Briggs & Riley Travelware
- Type: Private
- Industry: Retail
- Founded: Half Moon Bay, CA, USA (1993)
- Headquarters: Hauppauge, New York
- Key people: Richard Krulik, CEO
- Products: Fine luggage, business cases, computer backpacks, totes and travel accessories
- Website: briggs-riley.com, usluggage.com

= Briggs & Riley =

New York luggage manufacturer

Briggs & Riley Travelware is a manufacturer of luggage. The company is based in Hauppauge, New York and was founded in 1993 by Richard Costa. The company is known for its lifetime guarantee that also covers damage caused by an airline. Briggs & Riley products are distributed through independent retailers across the United States and Canada, as well as through its online store.

The company was acquired in August 2000 by Richard Krulik and U.S. Luggage LLC. U.S. Luggage was also the parent company of Solo New York, a company that makes business cases, until that brand was sold to CODi Worldwide in April, 2026.

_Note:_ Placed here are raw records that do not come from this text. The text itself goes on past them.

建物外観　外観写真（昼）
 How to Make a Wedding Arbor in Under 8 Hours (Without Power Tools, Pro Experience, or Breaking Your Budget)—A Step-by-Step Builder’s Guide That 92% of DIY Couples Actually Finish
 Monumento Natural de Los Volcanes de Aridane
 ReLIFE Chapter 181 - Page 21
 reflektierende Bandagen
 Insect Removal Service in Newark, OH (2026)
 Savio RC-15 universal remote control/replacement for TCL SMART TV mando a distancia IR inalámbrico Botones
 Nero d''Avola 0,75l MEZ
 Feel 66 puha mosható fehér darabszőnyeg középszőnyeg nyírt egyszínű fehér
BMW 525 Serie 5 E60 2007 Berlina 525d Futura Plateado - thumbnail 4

Briggs & Riley manufactures a selection of travel bags. It was the first company to establish the NXpandable System that provides more space in the bag when expanded. It was also the first company to develop the Outsider handle, designed on the exterior of the case to ensure a flat packing area for wrinkle-free clothes.

The New York Times Wirecutter has rated Briggs & Riley products as their "upgrade pick".